Puisque, pour celles et ceux qui auraient envie de creuser le profil du bonhomme, Cantwell se présente lui-même comme un coléreux qui voit le mal partout. A son échelle, pour le cinéma, pour les séries télévisées, et même pour les comics au vu de son immense passion pour le médium, il serait difficile de ne pas rapprocher cette critique du capital malfaisant des secteurs dans lequel l'auteur a eu l'opportunité de faire son trou. Au point même de se demander si Marshall Gooder, le patron d'Everything, un simple marchand d'ours en peluches bien intentionné qui espérait convier un peu de bonheur dans un monde de brutes peuplé de destruction avec ses petits animaux souriants, et qui deviendra finalement le patron d'une entreprise dictatoriale qui vend le bonheur de gré ou de force, ne serait pas une critique acide de l'héritage de Walt Disney au présent. Si toute cette parure empruntée à Lynch, Carpenter, King ou Philip K. Dick ne serait pas qu'un agréable vernis pour dissimuler un authentique propos, qui irait plus loin qu'un appel à respecter les petits patelins paisibles qui n'avaient rien demandé, pour cibler plus loin, plus fort. Les prochaines années de sa carrière en bande-dessinée devraient nous en dire plus. Pour l'heure, on se contentera d'un bien chouette bouquin à mettre sur l'étagère.

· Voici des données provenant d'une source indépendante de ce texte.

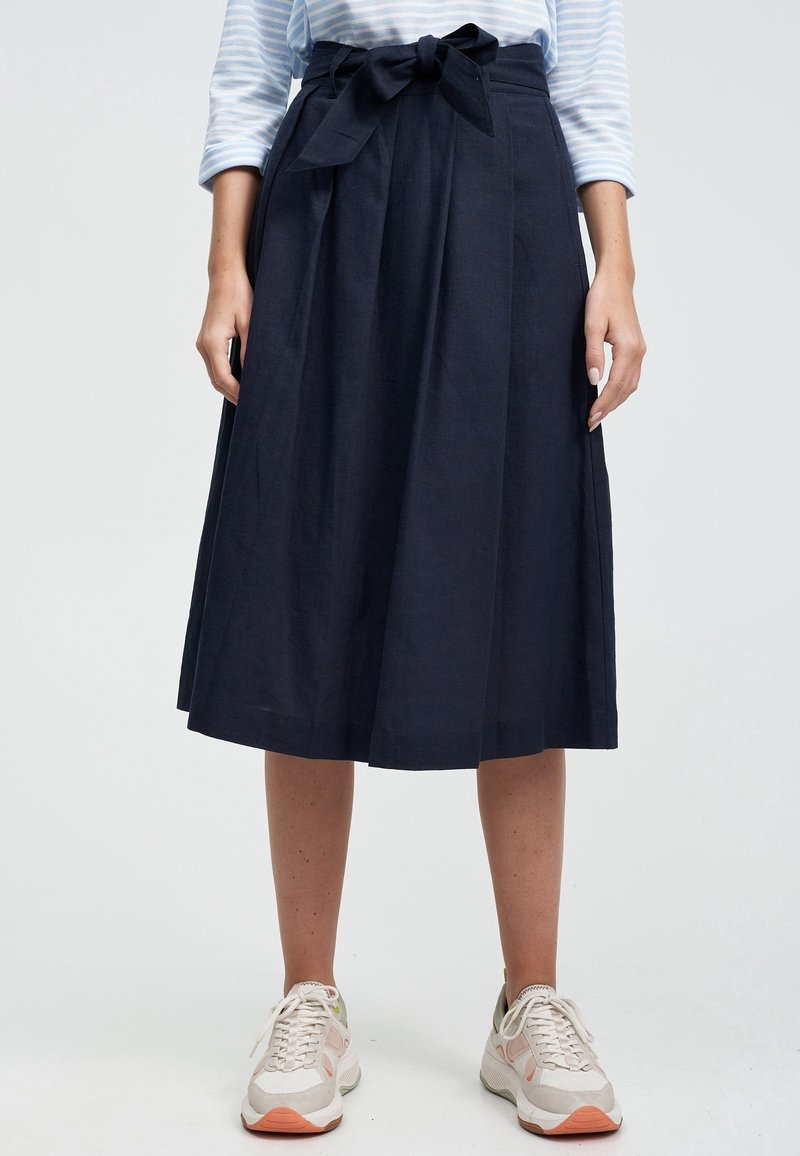 Mörkblå, knälång kjol gjord av texturerat tyg med en rosett vid midjan och veckad design. Matchas med ljusa sneakers.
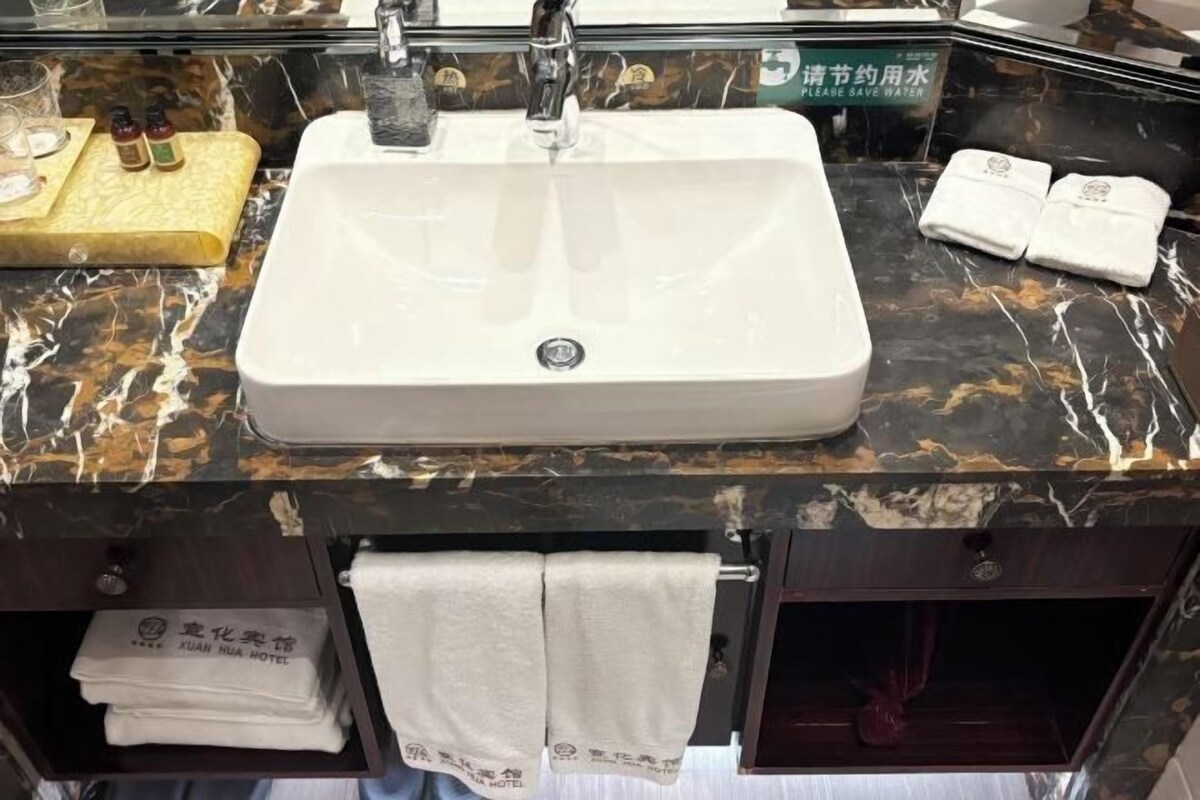 Un baño con un lavamanos blanco, un espejo y un perchero. Hay toallas colgadas en el perchero y una botella de champú en la encimera.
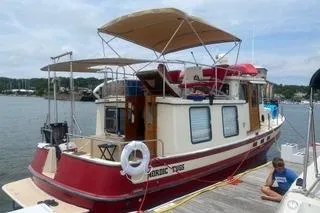 The Image of 1996 Nordic Tug 32 docked, featuring red and white exterior with canopy. - 0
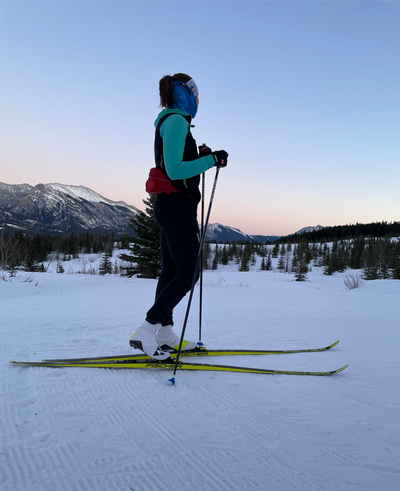 Woman Nordic Skiing at sunset in Mountains  
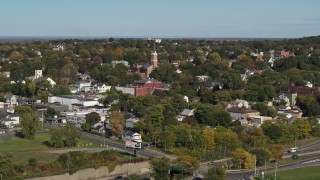 5.7K aerial stock footage of approaching the St John the Baptist church steeple in Syracuse, New York Aerial Stock Footage | DX0002_212_014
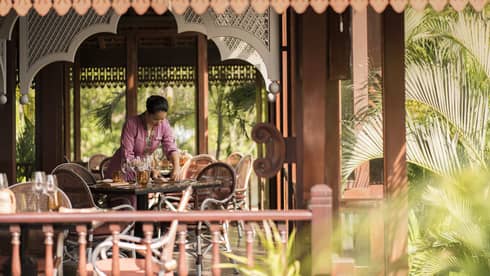 A Four Seasons staff setting the table in the open-aired Ikan Ikan at Four Seasons Langkawi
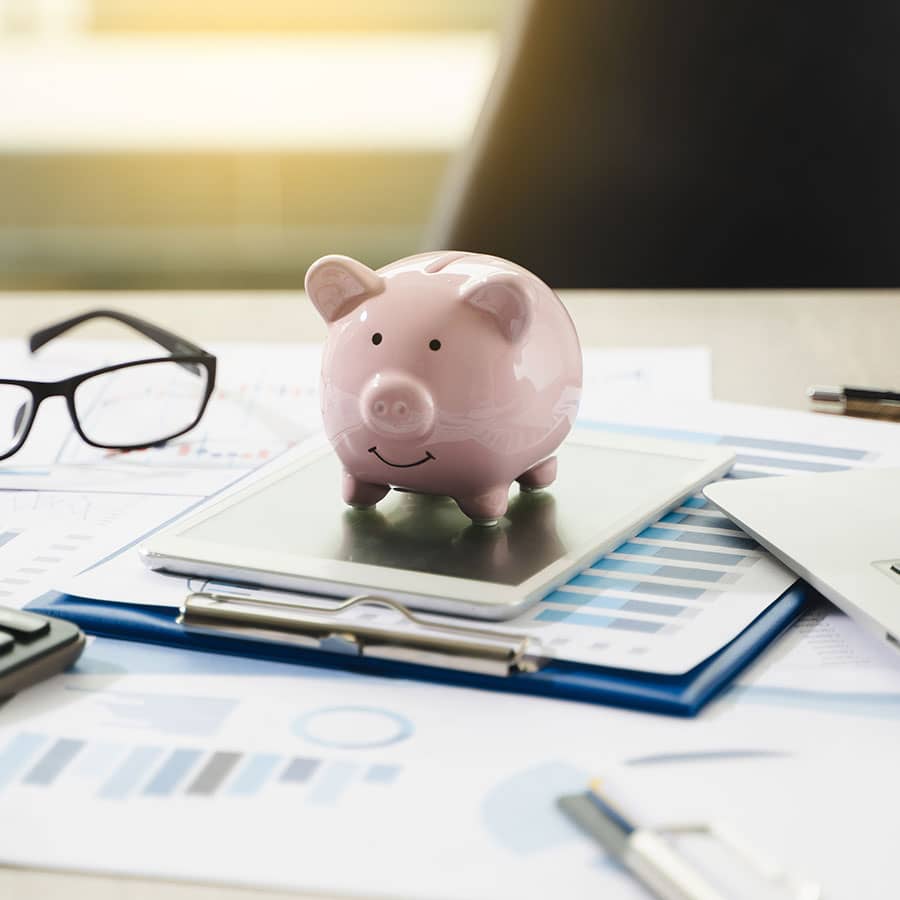 A piggybank sitting on a pile of documents on a desk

Dans les reproches cosmétiques, on pourra toutefois noter que le jeu de la traduction et des doubles-sens (depuis le nom des personnages, "Gooder" = mieux que bien, "Friendly" = amical) se paume en partie dans la traduction française, où l'usage du "Everything" est en partie sauvé par un jeu d'astérisques fourni par les équipes de 404. Du reste, aux côtés de Big Girls ou de We Live, l'éditeur commence à se constituer un petit socle d'oeuvres contestataires. Voulu ou non, le fait est que pour le travail de fab', pour la qualité des auteurs invités à rejoindre l'offre des comics disponibles en VF, on salue le travail accompli. Everything, superbe petite histoire empruntée aux géants d'autrefois, n'aurait probablement pas eu la même saveur sans cette alliance des puissances : un scénariste débutant (dans les comics) avec des tas de choses à dire et un certain talent pour le rythme, la construction de ses intrigues au plus près de ses personnages et un goût pour le surréalisme qui transforment un motif bateau en labyrinthe aguicheur ; un dessinateur invraisemblablement sous-estimé - la faute à son minimalisme - tant dans les découpages, l'expressivité de ses protagonistes et son talent exceptionnel pour l'usage des couleurs ; et Karen Berger, une éditrice hors pair à qui la BD des Etats-Unis doit décidément bien des choses. Il fait bon lire de l'indé' en 2022.